Con gente del partido, particularmente de cuerpos policiales, que por serlo tenían vivienda, previamente advertida y organizada, invadían casas y apartamentos ya adjuducados. El abogado que màs que le asesoraba, era còmplice, experto en chantajear y amenazar gente humilde y a quien sabía débil o indefenso, se hizo líder y hasta diputado. Promover invasiones fue uno de sus habituales subterfugios. Siempre pensó que a falta de capacidad para convencer y liderar en buena ley, bien servían sus predisposiciones delincuenciales.
Toda invasión se hacia averiguando previamente a quién pertenecía el bien, para no dañar a un compañero o a un “pesao”, que les sacaría de su propiedad en menos de lo que canta un gallo y sin ninguna sutileza. Lo que podría hasta llevar a que el autor o autores intelectuales quedasen al descubierto.
Había, y hay todavía, invasores de profesión. Quienes obtienen jugosos beneficios promoviendo y participando como si fuesen necesitados y angustiados en aquellas acciones. Suelen mezclarse con gente de buena fe y movida por la injusticia que los excluye.
Las invasiones de las que hablamos pues no son nuevas ni han surgido bajo el gobierno de Chávez y menos por el aliento de éste. Es una vieja práctica, que como en otro artículo dijimos, viene del fondo de la historia, y más recientemente fue usual en la cuarta república, para uso y beneficio de la clase dirigente.

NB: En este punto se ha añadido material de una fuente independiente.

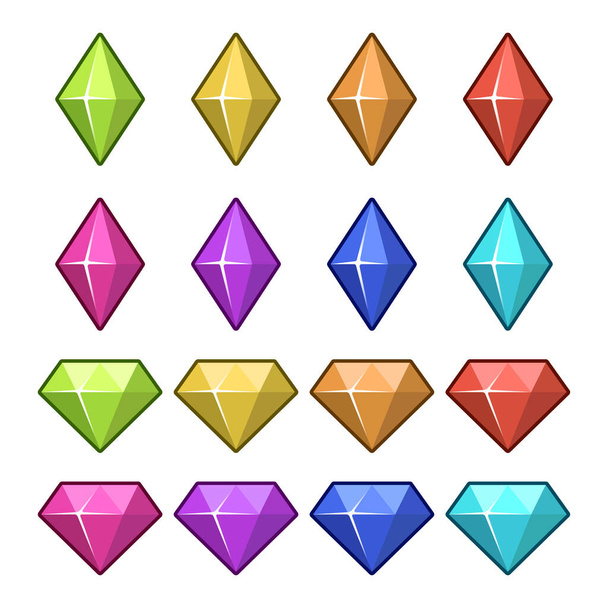 Iconos fijados para los elementos isométricos del juego, ilustración aislada colorida del vector de diamantes del juego para el concepto plano abstracto del juego - Vector, Imagen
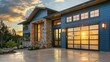 © Salman - A modern home's garage with blue siding and stone trim, the reflection of a setting sun in the large windows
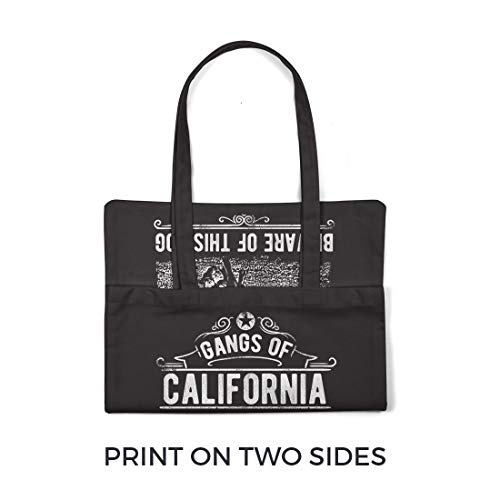 BLAK TEE Gangs of California Beware of This Dog It Might Bite You Slogan Organic Cotton Reusable Shopping Bag Black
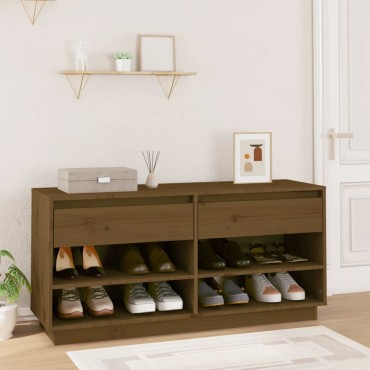 vidaXL Παπουτσοθήκη Μελί 110x34x52cm από Μασίφ Ξύλο Πεύκου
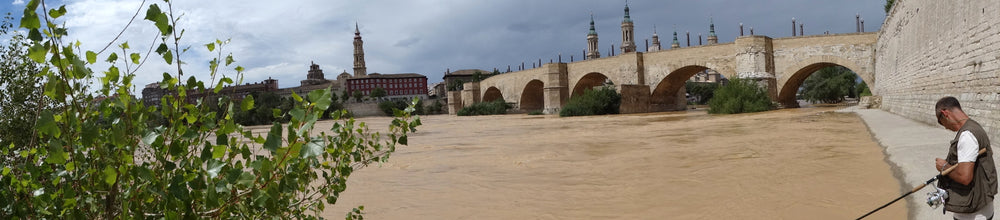 Angler fishing the River Ebro in Aragon Spain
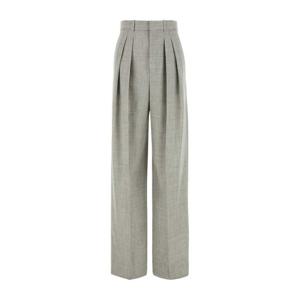 생로랑 하이 웨이스트 플리츠 와이드 체크 팬츠 824389Y5K32 12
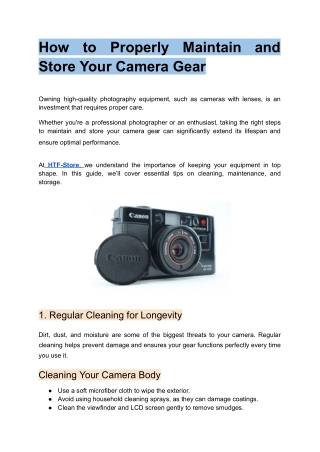 How to Properly Maintain and Store Your Camera Gear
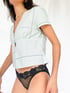 Aggy Blouse Blue Grid  Image 3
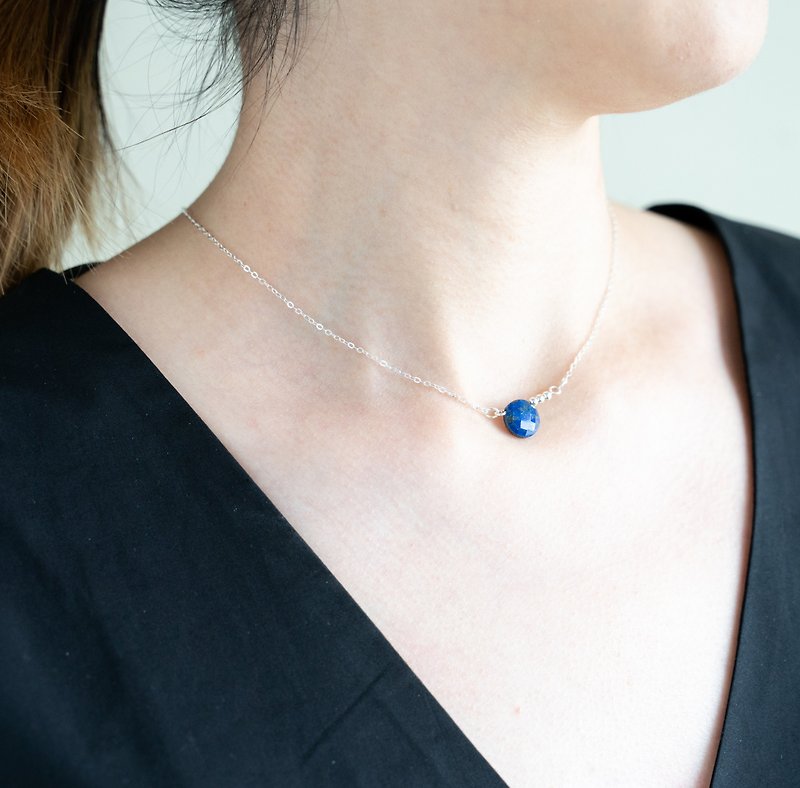 Custom Zodiac Birthstone【 Scorpio Lapis Lazuli Morse Code Initial Necklace 】 - Necklaces - Sterling Silver Blue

Recién caído Pérez Jiménez, se hizo célebre un personaje conocido como el “hombre de la chaqueta negra”, quien aprovechándose de la confusión en aquellos días de enero de 1958, se apoderó de las llaves de los apartamentos de la urbanización conocida, para aquel momento como “2 de diciembre” y posteriormente “23 de enero” y las repartió como “democráticamente”, sin pedir carnet, cartas de recomendación ni respaldo político. Sólo con ver las caras y reconocer en ellas la necesidad, aquel Robin Hood, otorgaba el derecho a apoderarse de un apartamento recién construido por el gobierno saliente. Nunca llegó a saberse que los beneficiados no debieron ser merecedores de aquel gesto. “El hombre de la chaqueta negra”, pasó desapercibido.